Exercise instructions | When you transcribe the entries below, begin at their first line and stop after the line containing "Diamond Drill Bits"; pictures stay out.

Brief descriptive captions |
-- -- --

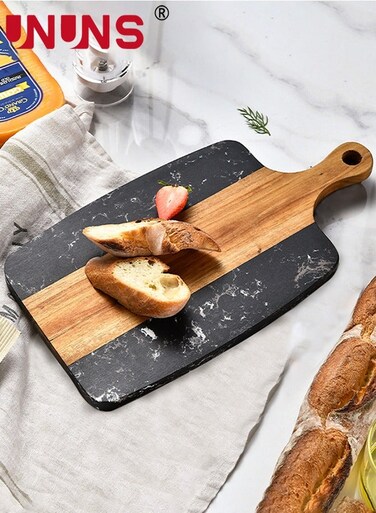 Cutting Board With Handle,Wooden Chopping Board With Marble And Natural Wood,Serving Board For Steak Fruits Bread,Black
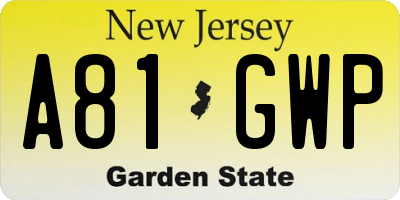 NJ license plate A81GWP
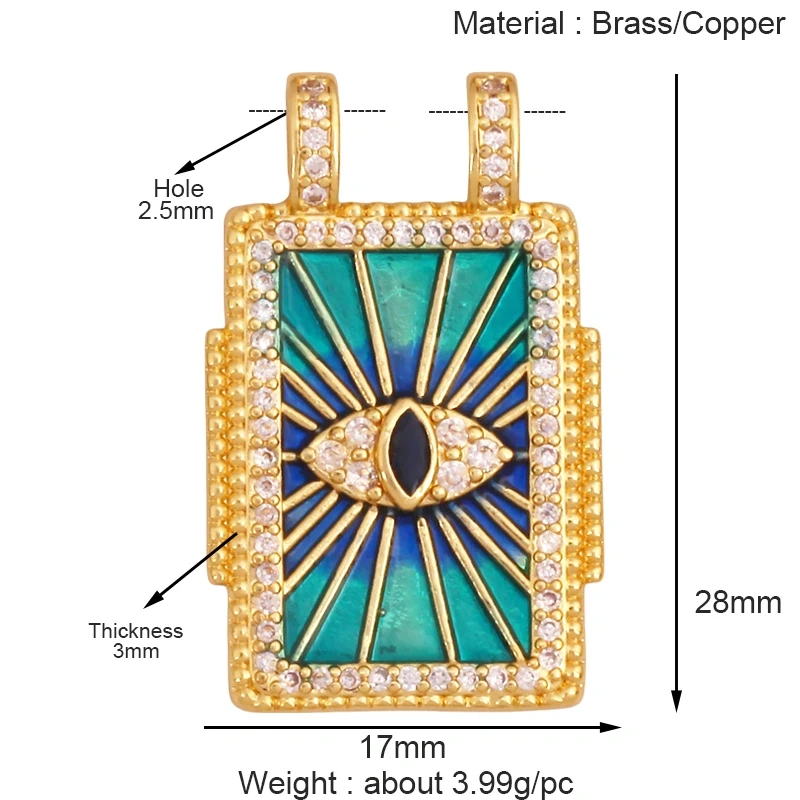 Bohemian Enamel Tarot Cards Coconut Tree Cactus Love Space Star Stripe Heart Eye Charm Pendant, Jewelry Accessories Supplies K86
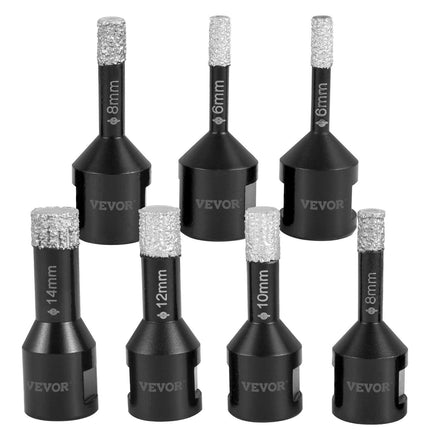 Diamond Drill Bits 7PCS Diamond Hole Saw 6/6/8/8/10/12/14mm Tile Hole Saw Kit Vacuum Brazed Diamond Drill Bit 0.59in/15mm Segment Tile Hole Saw w Storage Case for Tile Ceramic Porcelain Marble.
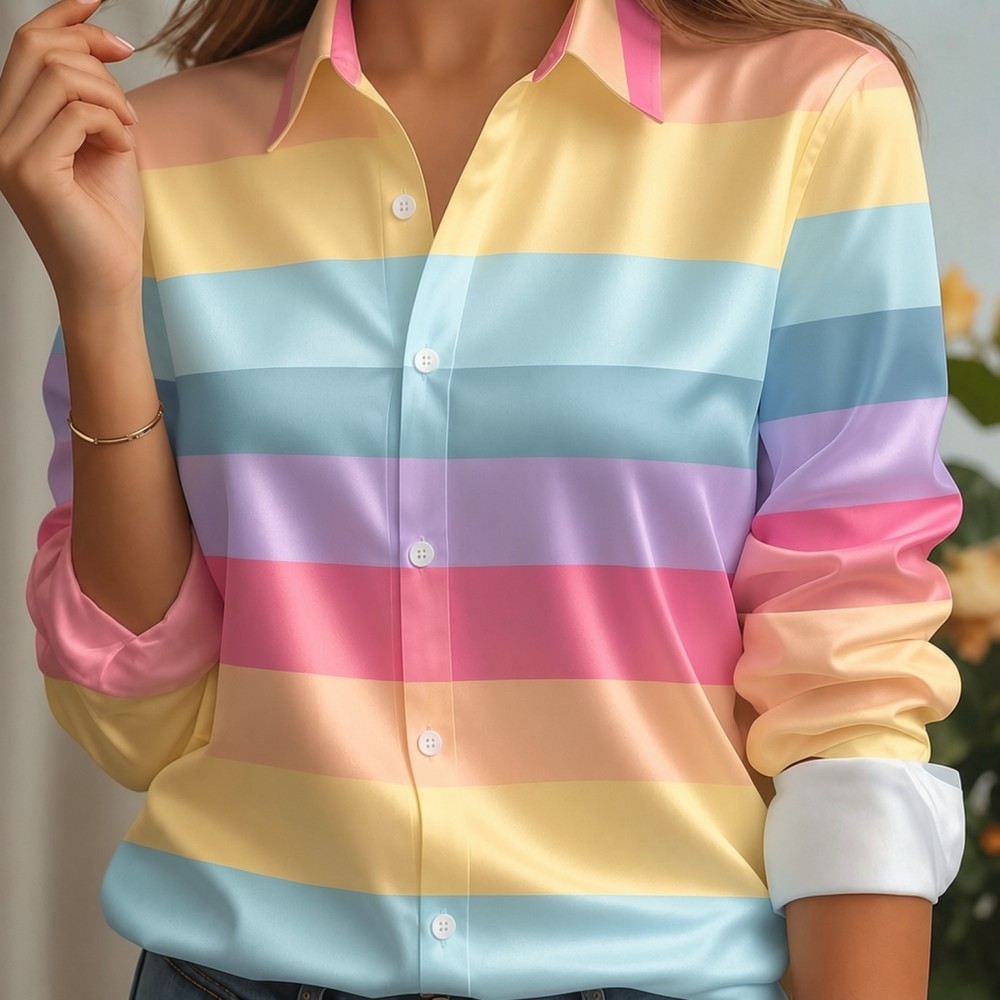 Dames satijnen overhemd met re - Women Fashion Blouse recensie en prijs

-- -- --

Answer area |
 Cutting Board With Handle,Wooden Chopping Board With Marble And Natural Wood,Serving Board For Steak Fruits Bread,Black
 NJ license plate A81GWP
 Bohemian Enamel Tarot Cards Coconut Tree Cactus Love Space Star Stripe Heart Eye Charm Pendant, Jewelry Accessories Supplies K86
 Diamond Drill Bits 7PCS Diamond Hole Saw 6/6/8/8/10/12/14mm Tile Hole Saw Kit Vacuum Brazed Diamond Drill Bit 0.59in/15mm Segment Tile Hole Saw w Storage Case for Tile Ceramic Porcelain Marble.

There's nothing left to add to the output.